By Courtney Kennedy, Andrew Mercer, Scott Keeter, Nick Hatley, Kyley McGeeney and Alejandra Gimenez

As the costs and nonresponse rates of traditional, probability-based surveys seem to grow each year, the advantages of online surveys are obvious – they are fast and cheap, and the technology is pervasive. There is, however, one fundamental problem: There is no comprehensive sampling frame for the internet, no way to draw a national sample for which virtually everyone has a chance of being selected.

The absence of such a frame has led to lingering concerns about whether the fraction of the population covered by nonprobability approaches can be made to look representative of the entire population. For roughly 15 years, independent studies suggested that the answer to that question was generally “no” if the goal was to make accurate population estimates.1 Over time, though, researchers and sample vendors have developed technologies and statistical techniques aimed at improving the representativeness of online nonprobability surveys. Several recent case studies suggest a future (some would argue a present) in which researchers need not have an expensive, probability-based sample to make accurate population estimates.2

Key elements of the study

9 online nonprobability samples
Comparison with an RDD-recruited panel
56 measures including 20 benchmarks

Estimated bias on full sample results
Estimated bias on subgroup results
Estimated accuracy of regression models
Demographic profile by sample
Political profile by sample
Variability of estimates across samples

To better understand the current landscape of commercially available online nonprobability samples, Pew Research Center conducted a study in which an identical 56-item questionnaire was administered to nine samples supplied by eight different vendors.
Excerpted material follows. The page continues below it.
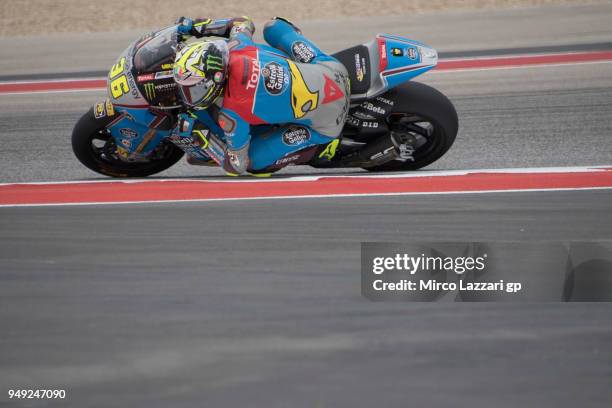Joan Mir of Spain and EG 0,0 Marc VDS rounds the bend during the MotoGp Red Bull U.S. Grand Prix of The Americas - Free Practice at Circuit of The...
Nearly all of the questions (52) were also asked on waves of the Center’s probability-based American Trends Panel (ATP), which is conducted predominantly online but features mail response for adults who do not have internet access. The samples were evaluated using a range of metrics, including estimated bias on 20 full sample survey estimates for which high quality government benchmarks are available, estimated bias for major demographic subgroup estimates, and predictive accuracy of four different regression models. Among the most important findings of this study are the following:

  • Online nonprobability surveys are not monolithic. The study finds, as a starting point, that the methods used to create online nonprobability samples are highly variable. The vendors differ substantially in how they recruit participants, select samples and field surveys. They also differ in whether and how they weight their data. These design differences appear to manifest in the samples’ rankings on various data quality metrics. In general, samples with more elaborate sampling and weighting procedures and longer field periods produced more accurate results. That said, our data come from just nine samples, so the effects of these factors are not well isolated, making these particular conclusions preliminary at best.
Notable differences in data quality across online samples
  • Some biases are consistent across online samples, others are not. All the samples evaluated include more politically and civically engaged individuals than benchmark sources indicate should be present. The biases on measures of volunteering and community problem-solving were very large, while those on political engagement were more modest. Despite concerns about measurement error on these items, it is accepted that these errors are real because several studies have documented a link between cooperation with surveys and willingness to engage in volunteer activities.3

There is also evidence, though less consistent, that online nonprobability samples tilt more toward certain lifestyles. Most of the samples have disproportionately high shares of adults who do  not have children, live alone, collect unemployment benefits and are low-income. In some respects, this squares with a stereotype one might imagine for people who find time to participate in  online survey panels, perhaps akin to a part-time job. On other dimensions, however, the online nonprobabilty estimates are either quite accurate (e.g., have a driver’s license or length of time  at current residence) or the biases are not in a consistent direction across the samples (e.g., daily smoking).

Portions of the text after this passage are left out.